The report noted that the increase is based on a large expansion of planted area, especially in the Center-West state of Mato Grosso, as well as good yields for the safrinha corn crop.
The USDA increased its estimate of 2019-20 planted area by 50,000 hectares to 18.5 million hectares.
“This reflects expansion of 1 million hectares, or 5.7%, over the previous year, and comes in response to firm prices due to exports well above the five-year average, and strong domestic demand from the poultry and livestock sectors, as well as the growing corn ethanol business,” the USDA said.
The soaring prices come after record-breaking 2019 exports depleted stocks and the Brazilian real plummeted in value against the US dollar in 2020, the report said.

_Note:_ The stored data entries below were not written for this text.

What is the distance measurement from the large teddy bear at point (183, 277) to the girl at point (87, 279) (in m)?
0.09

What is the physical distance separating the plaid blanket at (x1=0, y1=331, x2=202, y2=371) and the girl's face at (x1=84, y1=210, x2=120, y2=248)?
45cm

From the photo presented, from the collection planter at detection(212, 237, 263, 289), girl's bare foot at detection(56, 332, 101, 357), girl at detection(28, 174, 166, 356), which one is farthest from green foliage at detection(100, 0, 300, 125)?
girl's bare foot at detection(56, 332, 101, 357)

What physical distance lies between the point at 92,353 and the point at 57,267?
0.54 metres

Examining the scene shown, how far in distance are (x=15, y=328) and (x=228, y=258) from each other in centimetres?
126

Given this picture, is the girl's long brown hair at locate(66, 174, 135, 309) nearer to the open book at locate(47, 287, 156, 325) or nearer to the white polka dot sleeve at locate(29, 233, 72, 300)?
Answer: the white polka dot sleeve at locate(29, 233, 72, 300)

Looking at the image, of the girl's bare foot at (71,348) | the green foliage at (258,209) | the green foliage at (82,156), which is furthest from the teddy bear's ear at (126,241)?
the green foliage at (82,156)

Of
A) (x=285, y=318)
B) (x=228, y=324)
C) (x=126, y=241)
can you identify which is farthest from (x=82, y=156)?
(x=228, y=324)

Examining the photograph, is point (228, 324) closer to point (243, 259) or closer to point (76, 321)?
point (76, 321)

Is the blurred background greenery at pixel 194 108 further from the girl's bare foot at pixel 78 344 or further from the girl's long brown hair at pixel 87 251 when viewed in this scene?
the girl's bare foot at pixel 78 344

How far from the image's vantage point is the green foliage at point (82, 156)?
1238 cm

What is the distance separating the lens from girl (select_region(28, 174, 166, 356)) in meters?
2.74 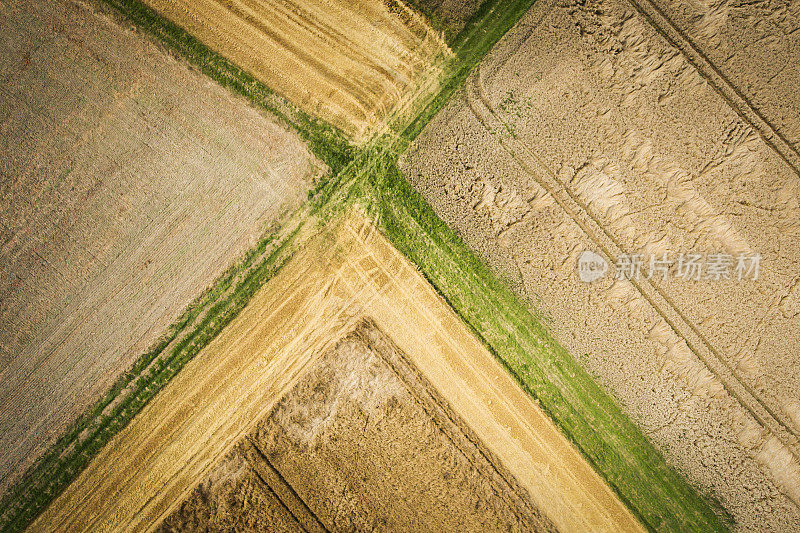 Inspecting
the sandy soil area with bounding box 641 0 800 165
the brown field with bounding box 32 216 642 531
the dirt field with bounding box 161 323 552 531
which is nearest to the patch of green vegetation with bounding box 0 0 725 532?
the brown field with bounding box 32 216 642 531

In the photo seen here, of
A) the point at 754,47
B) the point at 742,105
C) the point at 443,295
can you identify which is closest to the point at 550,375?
the point at 443,295

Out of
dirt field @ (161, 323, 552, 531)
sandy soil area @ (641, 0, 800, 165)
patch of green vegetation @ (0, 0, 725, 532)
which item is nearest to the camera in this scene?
sandy soil area @ (641, 0, 800, 165)

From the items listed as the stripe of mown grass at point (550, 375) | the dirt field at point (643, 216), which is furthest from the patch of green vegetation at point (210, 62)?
the dirt field at point (643, 216)

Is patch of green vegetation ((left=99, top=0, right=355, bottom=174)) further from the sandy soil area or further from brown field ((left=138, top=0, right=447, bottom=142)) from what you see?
the sandy soil area

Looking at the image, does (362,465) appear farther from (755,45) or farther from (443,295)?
(755,45)

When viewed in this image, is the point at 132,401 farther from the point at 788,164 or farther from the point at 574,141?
the point at 788,164

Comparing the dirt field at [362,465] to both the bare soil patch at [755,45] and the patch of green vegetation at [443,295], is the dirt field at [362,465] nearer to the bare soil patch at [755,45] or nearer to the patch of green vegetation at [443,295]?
the patch of green vegetation at [443,295] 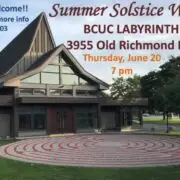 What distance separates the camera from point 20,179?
12453 millimetres

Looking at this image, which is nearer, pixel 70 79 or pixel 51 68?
pixel 51 68

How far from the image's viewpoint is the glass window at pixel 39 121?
33.5 metres

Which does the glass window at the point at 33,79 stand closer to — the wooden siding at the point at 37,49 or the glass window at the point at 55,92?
the glass window at the point at 55,92

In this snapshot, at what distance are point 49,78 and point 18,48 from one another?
29.3 feet

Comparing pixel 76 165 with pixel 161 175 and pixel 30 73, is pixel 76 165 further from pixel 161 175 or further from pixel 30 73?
pixel 30 73

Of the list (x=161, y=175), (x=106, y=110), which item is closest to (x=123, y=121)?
(x=106, y=110)

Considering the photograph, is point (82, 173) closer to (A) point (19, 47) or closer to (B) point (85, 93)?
(B) point (85, 93)

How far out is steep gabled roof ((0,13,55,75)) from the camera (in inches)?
1518

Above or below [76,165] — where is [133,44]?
above

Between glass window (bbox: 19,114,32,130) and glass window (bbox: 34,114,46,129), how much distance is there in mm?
609

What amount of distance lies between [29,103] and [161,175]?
69.9 ft

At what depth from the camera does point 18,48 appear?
41844mm

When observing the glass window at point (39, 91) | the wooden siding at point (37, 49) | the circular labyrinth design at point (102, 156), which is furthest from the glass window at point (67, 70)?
the circular labyrinth design at point (102, 156)

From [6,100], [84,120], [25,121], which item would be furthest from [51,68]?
[84,120] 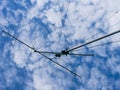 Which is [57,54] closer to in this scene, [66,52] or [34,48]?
[66,52]

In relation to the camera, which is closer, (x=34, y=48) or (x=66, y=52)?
(x=66, y=52)

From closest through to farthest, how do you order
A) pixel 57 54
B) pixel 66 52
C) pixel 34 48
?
pixel 66 52 → pixel 57 54 → pixel 34 48

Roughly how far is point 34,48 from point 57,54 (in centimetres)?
555

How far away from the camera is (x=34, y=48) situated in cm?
2970

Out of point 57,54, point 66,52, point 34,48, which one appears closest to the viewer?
point 66,52

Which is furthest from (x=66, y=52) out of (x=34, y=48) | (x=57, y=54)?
(x=34, y=48)

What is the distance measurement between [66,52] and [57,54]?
180 centimetres

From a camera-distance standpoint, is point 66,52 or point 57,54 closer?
point 66,52

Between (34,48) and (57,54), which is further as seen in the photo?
(34,48)

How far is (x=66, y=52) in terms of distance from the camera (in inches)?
922

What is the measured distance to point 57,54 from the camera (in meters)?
25.0
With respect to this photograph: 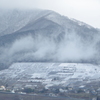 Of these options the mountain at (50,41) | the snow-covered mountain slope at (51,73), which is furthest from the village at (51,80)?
the mountain at (50,41)

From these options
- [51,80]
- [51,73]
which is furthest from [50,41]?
[51,80]

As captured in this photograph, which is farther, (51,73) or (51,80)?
(51,73)

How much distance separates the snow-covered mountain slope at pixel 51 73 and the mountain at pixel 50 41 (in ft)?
7.52

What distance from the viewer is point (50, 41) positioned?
159ft

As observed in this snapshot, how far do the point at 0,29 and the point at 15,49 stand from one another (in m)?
13.3

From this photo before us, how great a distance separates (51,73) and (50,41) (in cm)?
1211

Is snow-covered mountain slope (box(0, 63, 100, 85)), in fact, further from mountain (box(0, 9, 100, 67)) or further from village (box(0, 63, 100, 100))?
mountain (box(0, 9, 100, 67))

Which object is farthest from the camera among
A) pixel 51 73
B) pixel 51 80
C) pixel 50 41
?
pixel 50 41

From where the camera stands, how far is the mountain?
142 feet

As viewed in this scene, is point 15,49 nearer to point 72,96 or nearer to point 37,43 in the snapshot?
point 37,43

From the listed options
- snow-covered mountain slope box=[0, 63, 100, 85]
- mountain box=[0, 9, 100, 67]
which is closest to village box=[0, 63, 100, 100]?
snow-covered mountain slope box=[0, 63, 100, 85]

The USDA raised its estimate for the 2019-20 crop (March 2020-February 2021) by 3 million tonnes, to 103 million tonnes. It also increased its corn output forecast for the 2020-21 crop (March 2021-February 2022) to 107 million tonnes.
Brazil was the world’s third largest exporter in 2020-21, according to the USDA’s Foreign Agricultural Service, which estimates the country’s exports at 34 million tonnes.